[DATA FOR THIS EXERCISE]
--*--

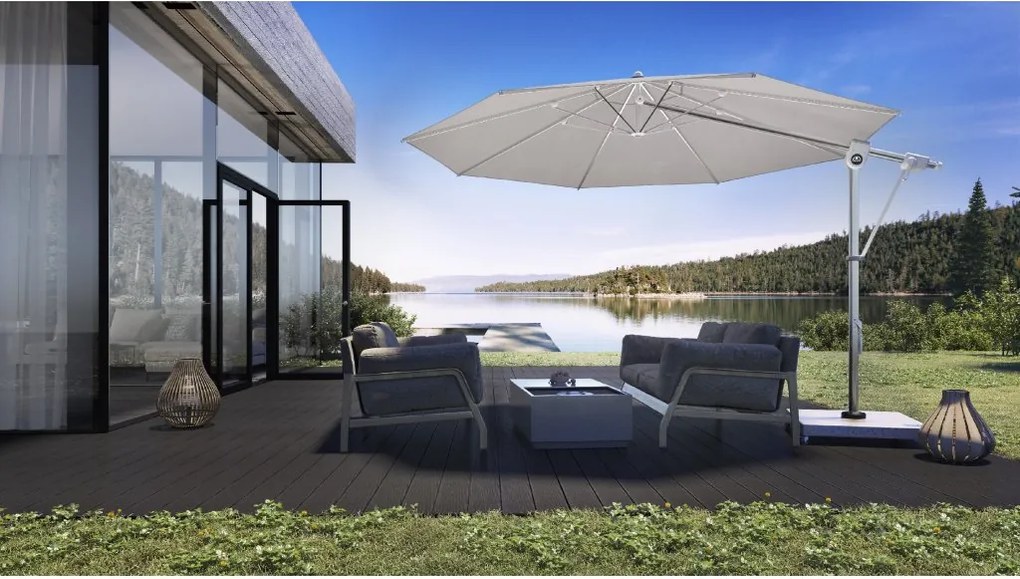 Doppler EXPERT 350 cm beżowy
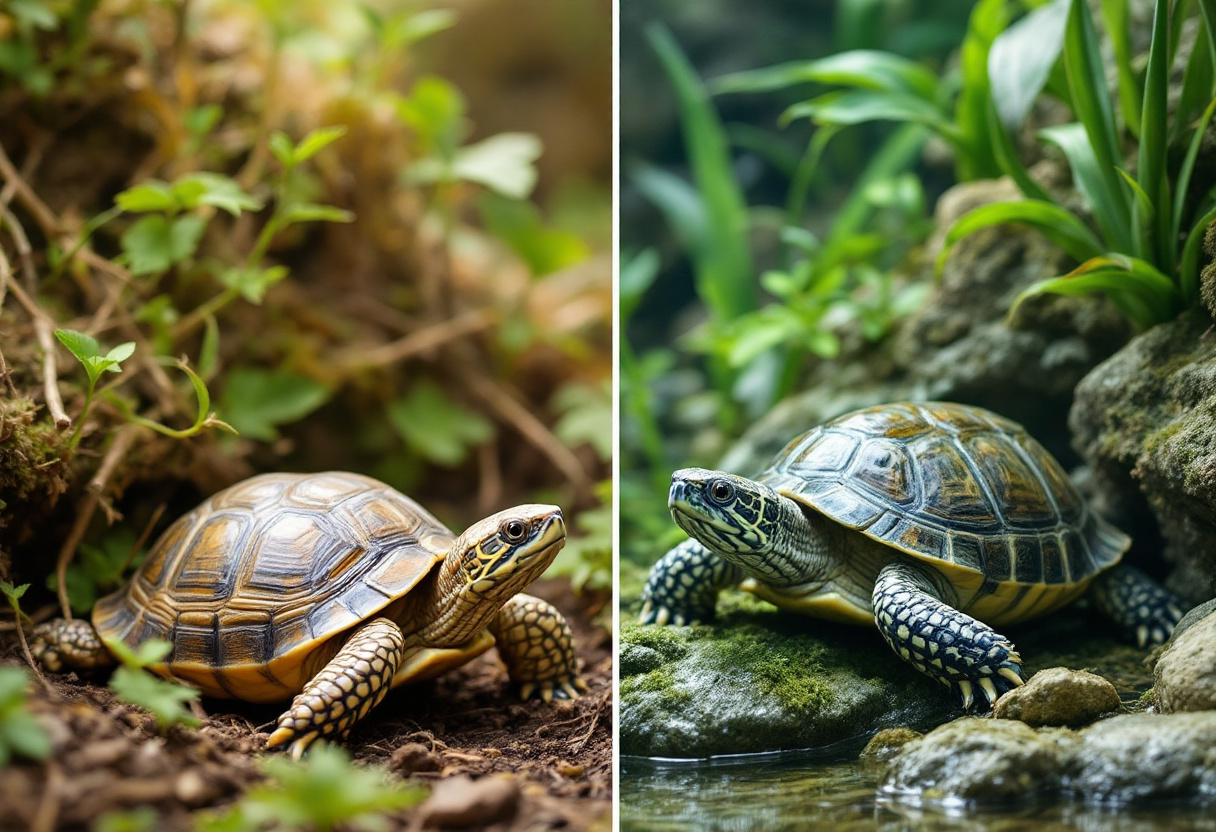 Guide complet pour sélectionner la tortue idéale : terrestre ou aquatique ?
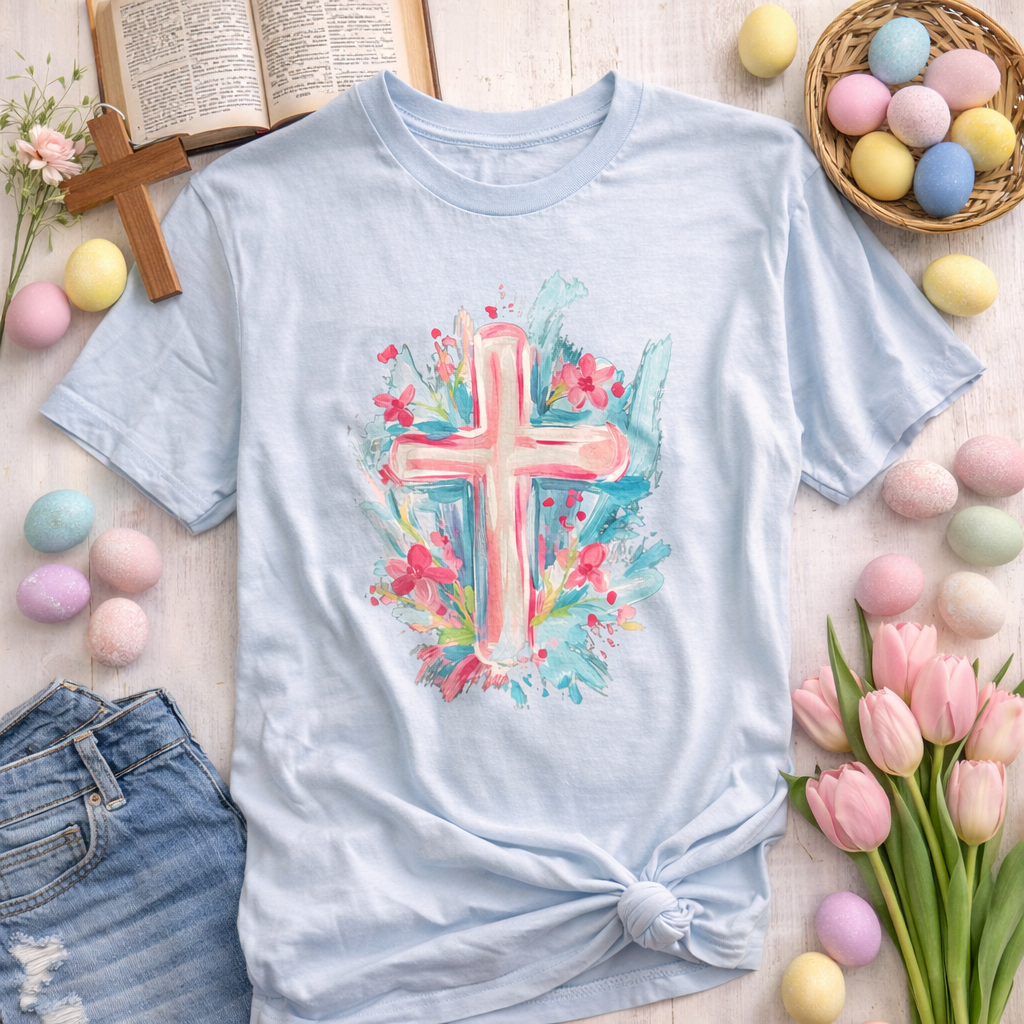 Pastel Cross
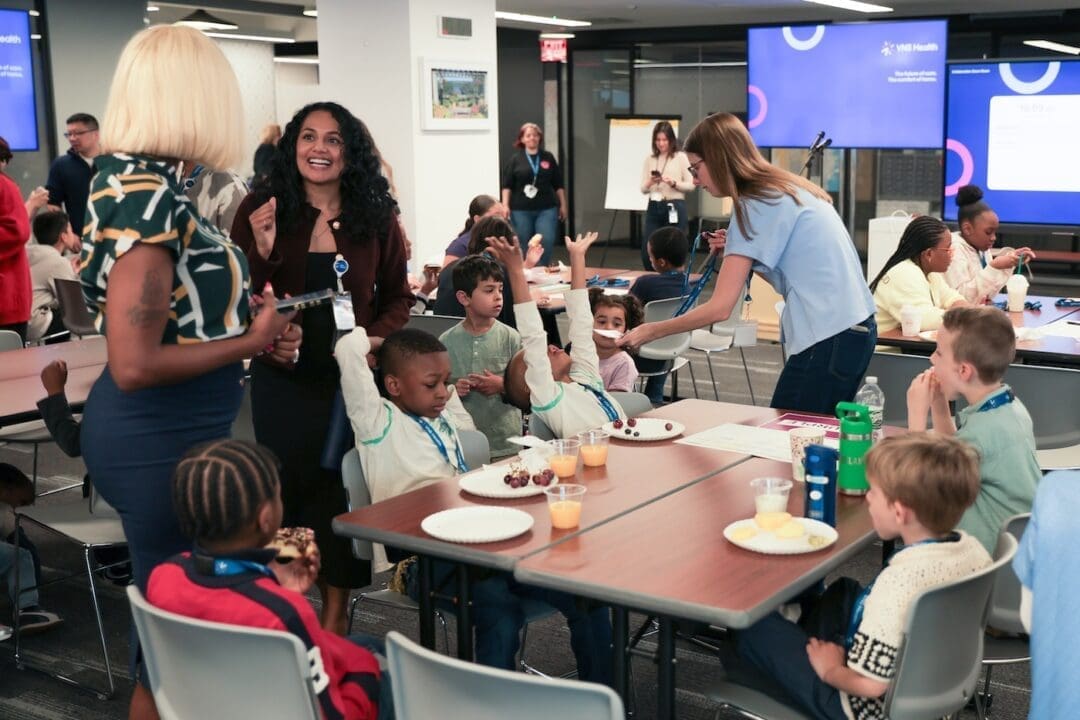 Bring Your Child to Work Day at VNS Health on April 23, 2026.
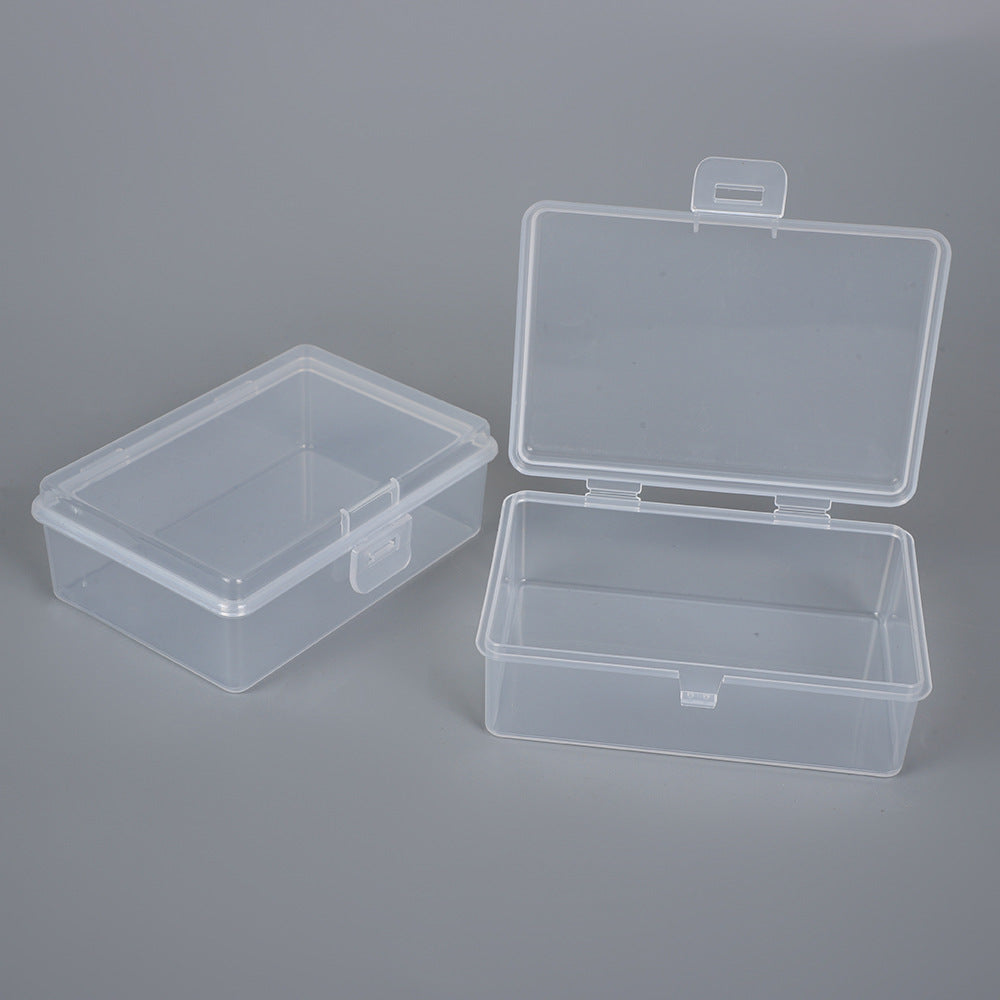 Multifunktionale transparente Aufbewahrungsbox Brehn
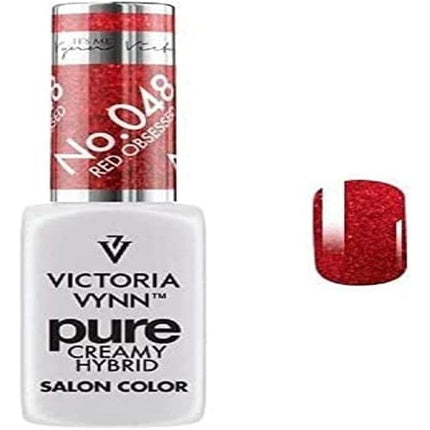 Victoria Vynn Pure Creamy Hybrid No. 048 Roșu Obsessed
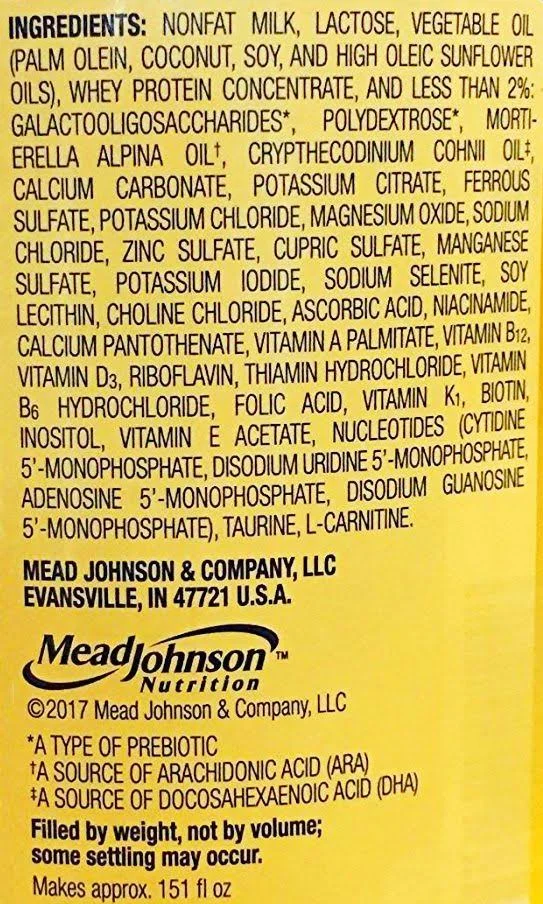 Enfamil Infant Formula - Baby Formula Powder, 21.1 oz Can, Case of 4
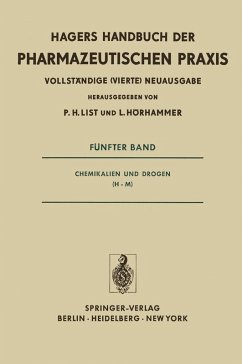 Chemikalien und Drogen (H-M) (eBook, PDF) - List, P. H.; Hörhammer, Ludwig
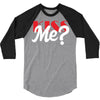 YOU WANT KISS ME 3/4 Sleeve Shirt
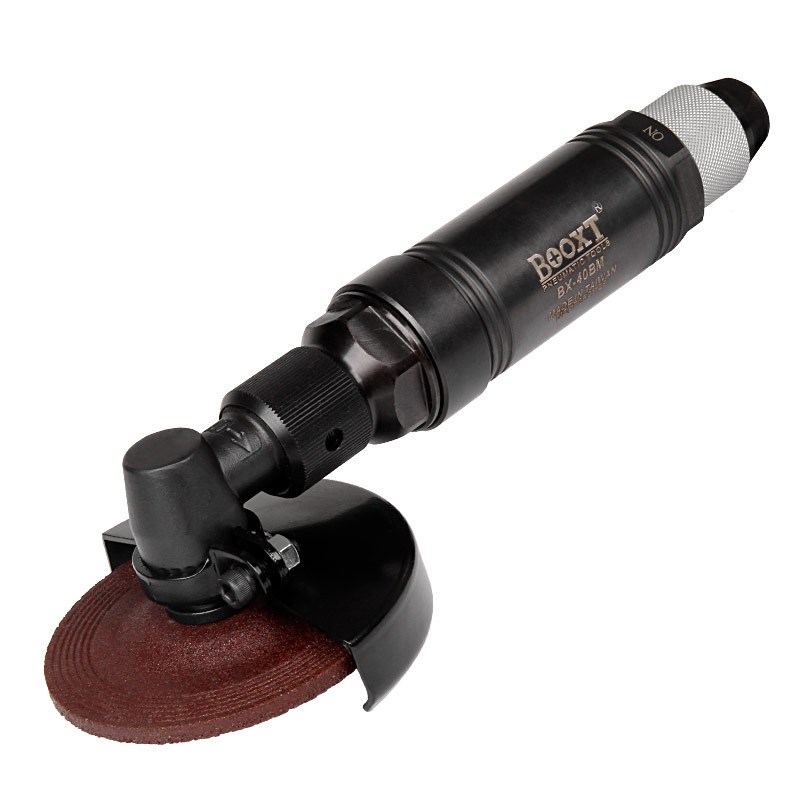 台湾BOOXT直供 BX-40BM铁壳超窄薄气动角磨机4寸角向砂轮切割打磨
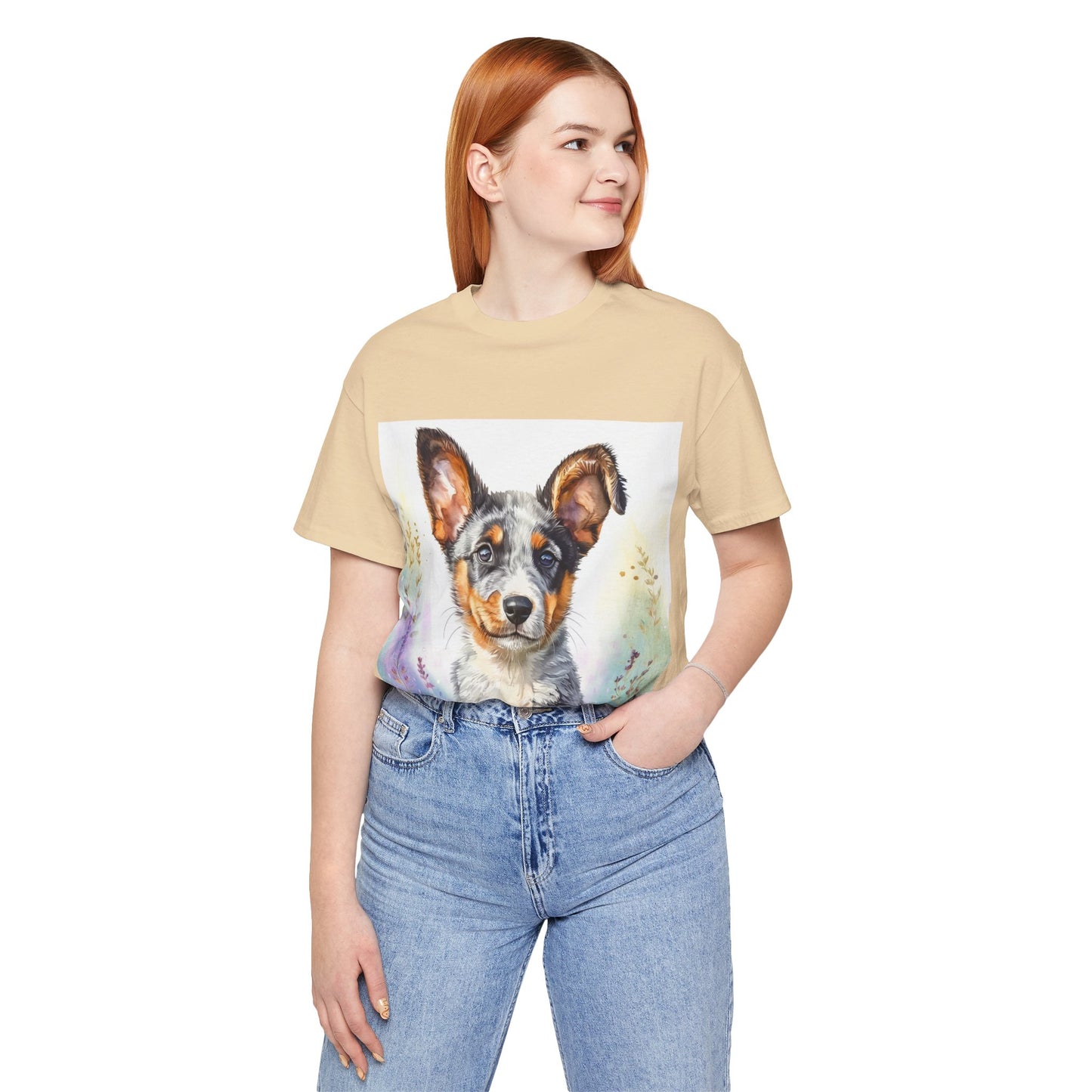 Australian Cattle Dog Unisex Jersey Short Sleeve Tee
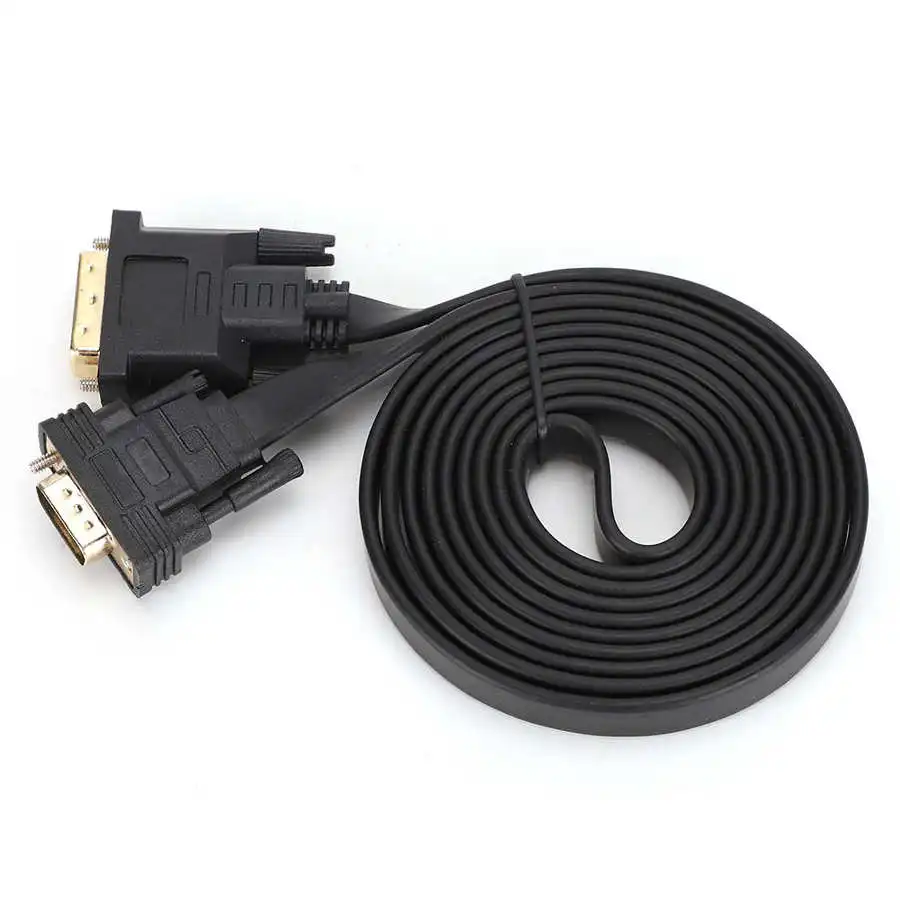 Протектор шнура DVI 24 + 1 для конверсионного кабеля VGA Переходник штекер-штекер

--*--

[TRY IT] Give again, exactly as written above, each line from the one that has "Bring Your Child" to the one that has "Enfamil Infant Formula", both included; omit the pictures.

[WRITTEN ANSWER]
 Bring Your Child to Work Day at VNS Health on April 23, 2026.
 Multifunktionale transparente Aufbewahrungsbox Brehn
 Victoria Vynn Pure Creamy Hybrid No. 048 Roșu Obsessed
 Enfamil Infant Formula - Baby Formula Powder, 21.1 oz Can, Case of 4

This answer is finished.